At higher difficulty levels, waiting to rush with swords is sometimes too late. If you have other reasons to research AH, you may find horses, which allow chariots -- an excellent rushing unit if produced in quantity and quick enough. Similarly, you may have a forested location and want bronze working for chopping and thereby find copper nearby for early axes.

I would also disagree with taking the weaker cities first. In an early rush, the AI's best hammer city is almost always the capital. There is a fair chance that it has a strategic resource as well allowing the AI to produce strong units. Knocking out the capital first makes the remainder of the conquest relatively easy.

Lastly, Stonehenge is going to slow down your rush. Detouring to Mysticism (if you don't have it) plus sinking the hammers into it are not optimal. Why not get AH or BW sooner and use the hammers to build settlers or military units? I like Stonehenge as much as the next guy but if you are advocating it as part of a rush strategy I disagree.
 
First off welcome to the forums.
To be brutally honest many of the things you have written in this guide suggest you are very new to civ 4.
Concentrate on production. In an early rush, hammers win, coins don’t.
When you intend to research an expensive tech early on then :commerce: is very important, hammers are far easier to come by. A major problem you can land yourself in by focusing on :hammers: too much is to run up too much military maintenance before you can pay for it.
In a 3 city crush game, hammers win. When settling, choose hammers over bread or coins. Build troops. Beat people up. Take territory. Win. Enjoy.
Food is the root source of your production (and entire empire in fact!).

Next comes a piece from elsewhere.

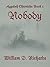 Nobody by William D. Richards Nobody by William D. Richards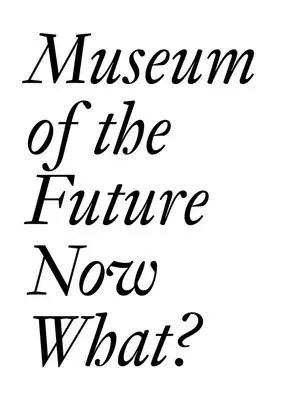 Musée du futur : Et maintenant ? - Museum of the Future: Now What?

Specifically for early game :hammers:, :food: allows you to grow to work mines, it contributes production to Workers/Settlers directly AND can be converted to :hammers: by Slavery.
Delaying your food techs till after the extremely expensive and highly unnecesary rush to Metal Casting is suicidal, if this actually works try playing 3-4 difficulties higher!
Without food you will seriously struggle to get any reasonable hammer output.

I'm sure someone will give a more lengthy run down of your article sooner or later.
 
Your settlers are going to get eaten.
 
I agree that there are a lot of problems with your guide, but the biggest problem is the hammer vs food comment. Metal Casting before Agriculture, Animal Husbandry AND Fishing means you aren't improving ANY food for at least a hundred turns. That just doesn't work, even at Noble.
 
... is this a guide for Warlords or the Warlord difficulty?
 
Thanks to everyone for the outstanding commentary.

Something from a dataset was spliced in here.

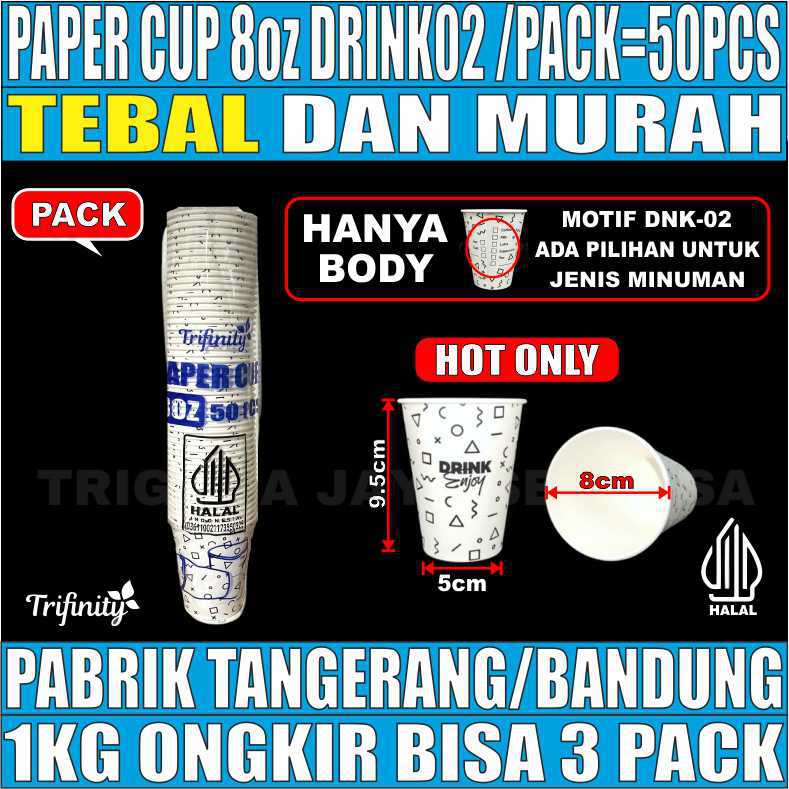 Paper Cup 8oz Trifinity DNK02 Pack 50pcs Tebal Halal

First, this article is for Noble. On any level higher than Noble, this strategy will get you creamed.

Second, this is also for playing a quick, relatively simple game. Civ4's complexity makes the game less than enjoyable for me. I want to build fast, kick butt, take stuff, and then drop extra cities to fill in the gaps.

I win about 2 out of 3 games this way. The ways I lose are:
My settler gets jumped
I run out of money
I lose the war (yes, this happens)
I don't find any iron or copper
Someone else wins Space Race because I was asleep at the wheel

Happy Civ-ing, all. And thanks again.

Melvinho
If the sign says, "No Smorking", I must be in Japan.